→ **HOW TO COMPLETE THIS TASK**
Scan the records below for the line with "2020 GMC ACADIA SLE VIN: 1GKKNKLA7LZ196307" and the line with "Permania 1 Roll". Repeat those two lines and every line between them exactly, and nothing else.

→ **DATA TO EXAMINE**
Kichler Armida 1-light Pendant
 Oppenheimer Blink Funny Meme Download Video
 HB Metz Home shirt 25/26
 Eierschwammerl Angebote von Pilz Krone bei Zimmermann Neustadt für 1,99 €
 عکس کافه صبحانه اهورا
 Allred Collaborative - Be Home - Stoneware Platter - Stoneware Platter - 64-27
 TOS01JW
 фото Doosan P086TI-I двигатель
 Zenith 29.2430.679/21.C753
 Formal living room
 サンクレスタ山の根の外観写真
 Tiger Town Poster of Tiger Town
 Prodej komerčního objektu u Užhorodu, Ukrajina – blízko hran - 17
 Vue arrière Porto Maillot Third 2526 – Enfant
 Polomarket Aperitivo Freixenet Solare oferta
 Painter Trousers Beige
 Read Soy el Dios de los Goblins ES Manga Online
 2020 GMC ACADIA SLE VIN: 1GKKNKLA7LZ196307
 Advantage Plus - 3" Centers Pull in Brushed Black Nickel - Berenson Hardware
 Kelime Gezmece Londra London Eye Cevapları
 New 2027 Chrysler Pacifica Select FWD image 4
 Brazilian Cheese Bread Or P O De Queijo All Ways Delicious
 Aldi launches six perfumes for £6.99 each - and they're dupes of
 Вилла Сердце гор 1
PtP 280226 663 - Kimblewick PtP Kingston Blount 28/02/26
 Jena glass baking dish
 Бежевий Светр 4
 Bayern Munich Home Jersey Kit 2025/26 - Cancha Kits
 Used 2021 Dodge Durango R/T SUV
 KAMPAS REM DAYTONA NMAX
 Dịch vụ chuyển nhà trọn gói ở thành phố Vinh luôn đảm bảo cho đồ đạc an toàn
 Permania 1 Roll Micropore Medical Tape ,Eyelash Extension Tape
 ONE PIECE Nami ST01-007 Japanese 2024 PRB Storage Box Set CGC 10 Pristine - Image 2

→ **ANSWER SPACE**
 2020 GMC ACADIA SLE VIN: 1GKKNKLA7LZ196307
 Advantage Plus - 3" Centers Pull in Brushed Black Nickel - Berenson Hardware
 Kelime Gezmece Londra London Eye Cevapları
 New 2027 Chrysler Pacifica Select FWD image 4
 Brazilian Cheese Bread Or P O De Queijo All Ways Delicious
 Aldi launches six perfumes for £6.99 each - and they're dupes of
 Вилла Сердце гор 1
PtP 280226 663 - Kimblewick PtP Kingston Blount 28/02/26
 Jena glass baking dish
 Бежевий Светр 4
 Bayern Munich Home Jersey Kit 2025/26 - Cancha Kits
 Used 2021 Dodge Durango R/T SUV
 KAMPAS REM DAYTONA NMAX
 Dịch vụ chuyển nhà trọn gói ở thành phố Vinh luôn đảm bảo cho đồ đạc an toàn
 Permania 1 Roll Micropore Medical Tape ,Eyelash Extension Tape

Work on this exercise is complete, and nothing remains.